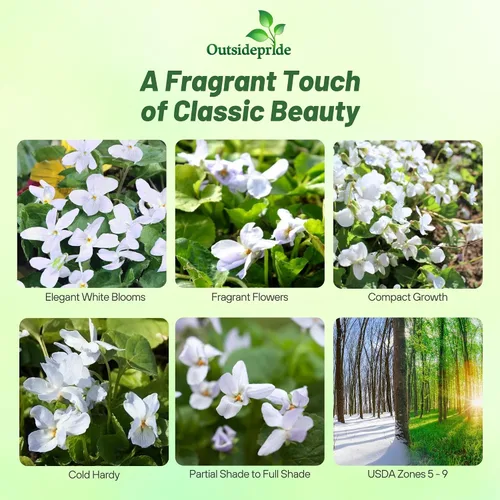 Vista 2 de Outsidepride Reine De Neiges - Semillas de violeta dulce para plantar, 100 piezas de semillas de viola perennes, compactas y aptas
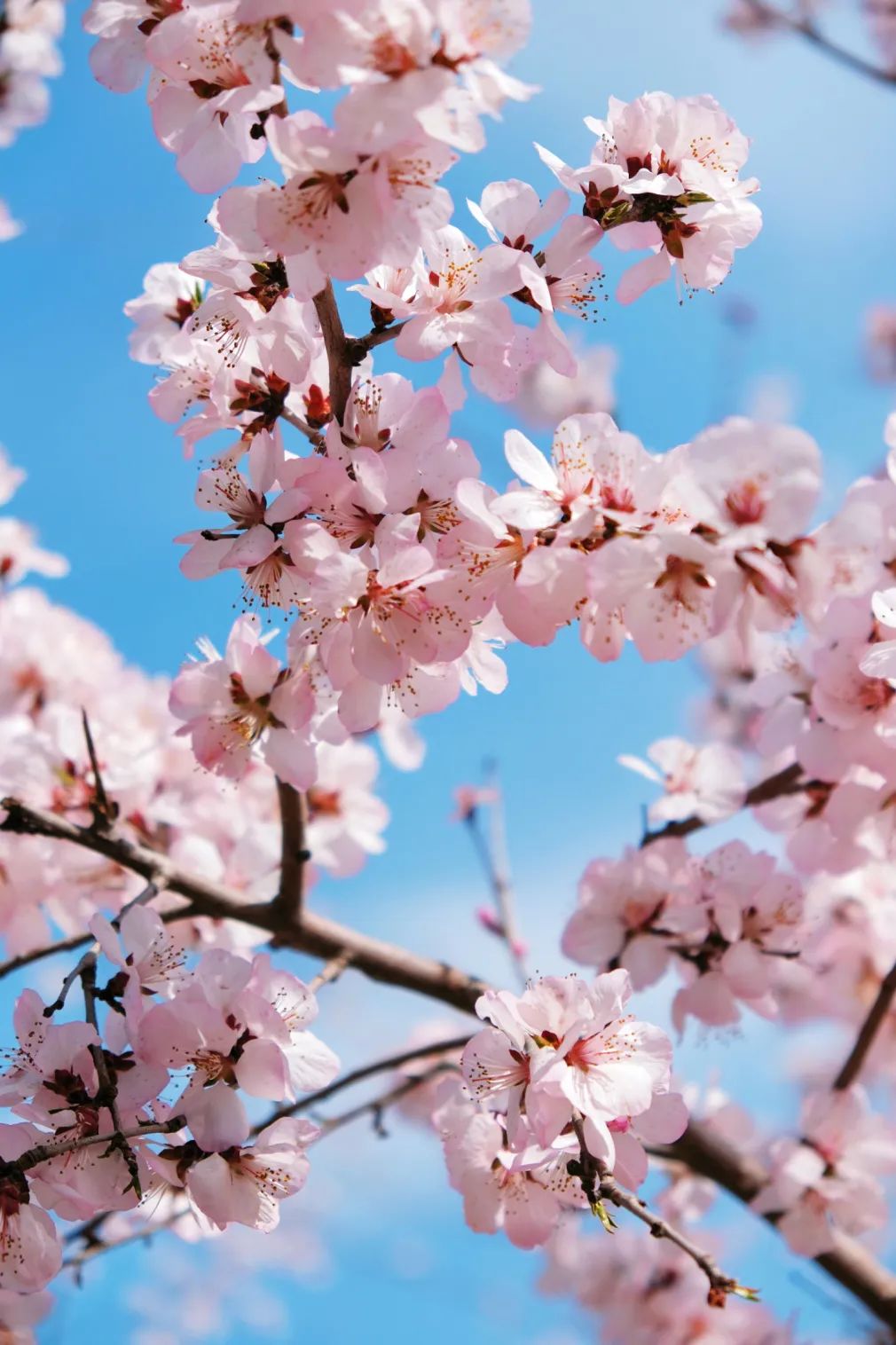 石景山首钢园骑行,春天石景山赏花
§
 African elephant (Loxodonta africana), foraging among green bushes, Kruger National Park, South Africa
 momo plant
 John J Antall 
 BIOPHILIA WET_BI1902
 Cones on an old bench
§
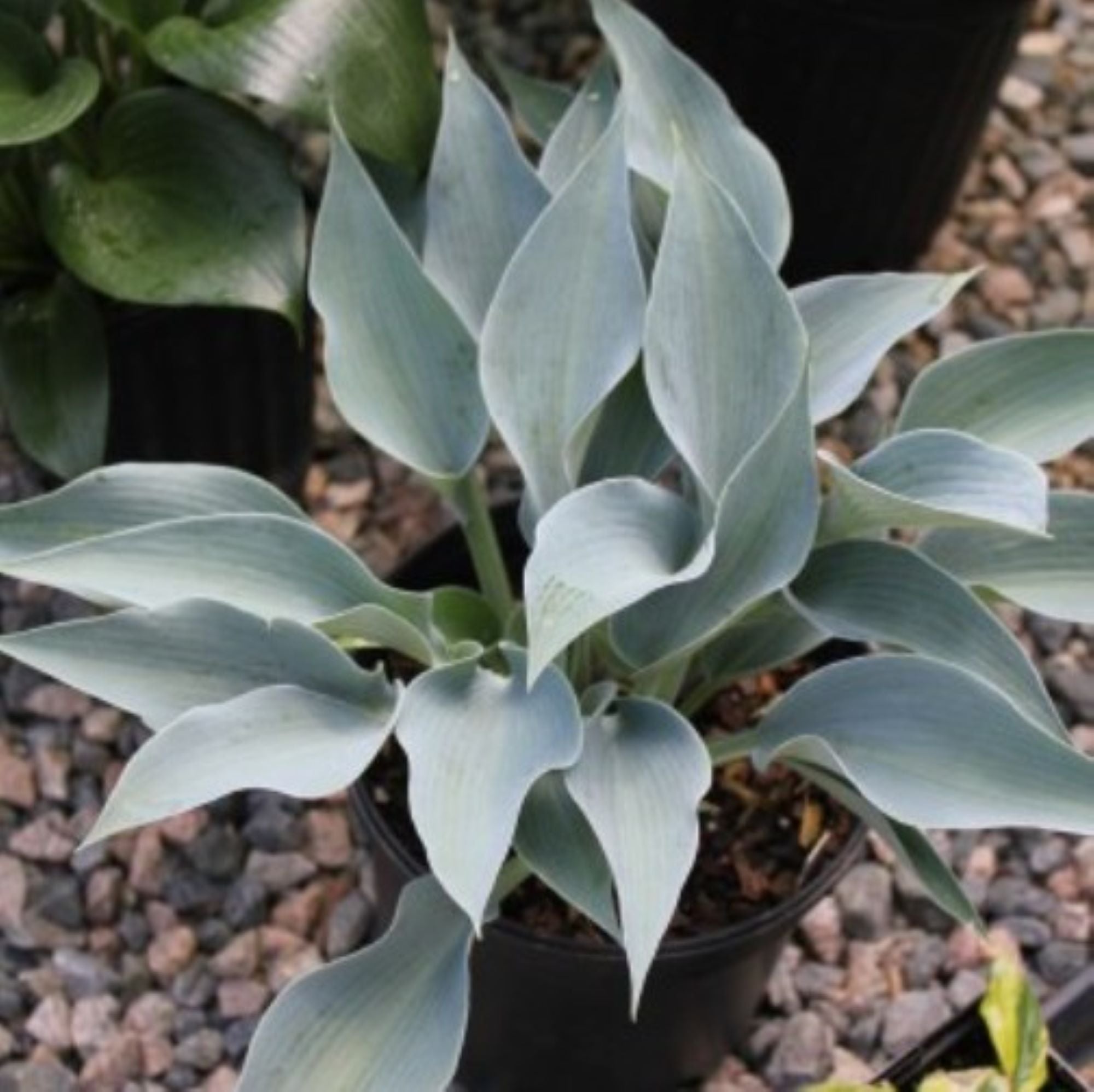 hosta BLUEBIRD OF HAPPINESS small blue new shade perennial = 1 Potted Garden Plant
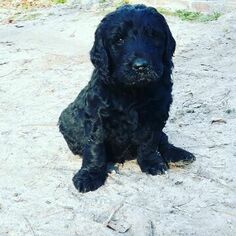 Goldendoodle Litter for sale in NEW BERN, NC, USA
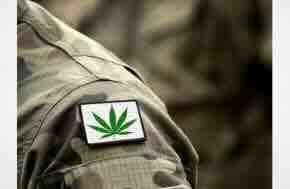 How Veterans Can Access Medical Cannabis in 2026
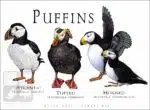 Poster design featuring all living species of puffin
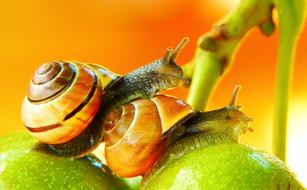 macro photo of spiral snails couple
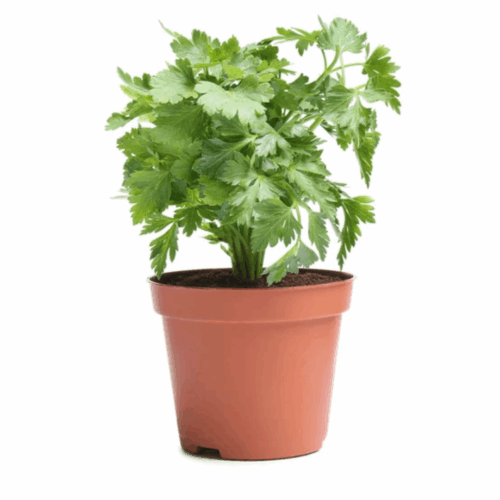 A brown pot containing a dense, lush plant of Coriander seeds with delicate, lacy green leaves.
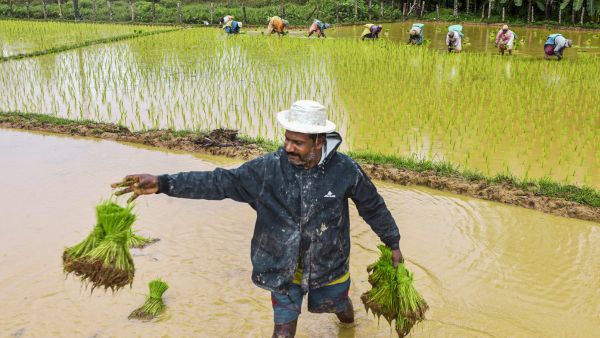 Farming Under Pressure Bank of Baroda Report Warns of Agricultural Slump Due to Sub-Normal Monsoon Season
§
Task instructions >> Copy out the lines above from the line containing "Vista 2 de Outsidepride" through the line containing "石景山首钢园骑行,春天石景山赏花", exactly, and keep the pictures out.

Your solution >>
 Vista 2 de Outsidepride Reine De Neiges - Semillas de violeta dulce para plantar, 100 piezas de semillas de viola perennes, compactas y aptas
 石景山首钢园骑行,春天石景山赏花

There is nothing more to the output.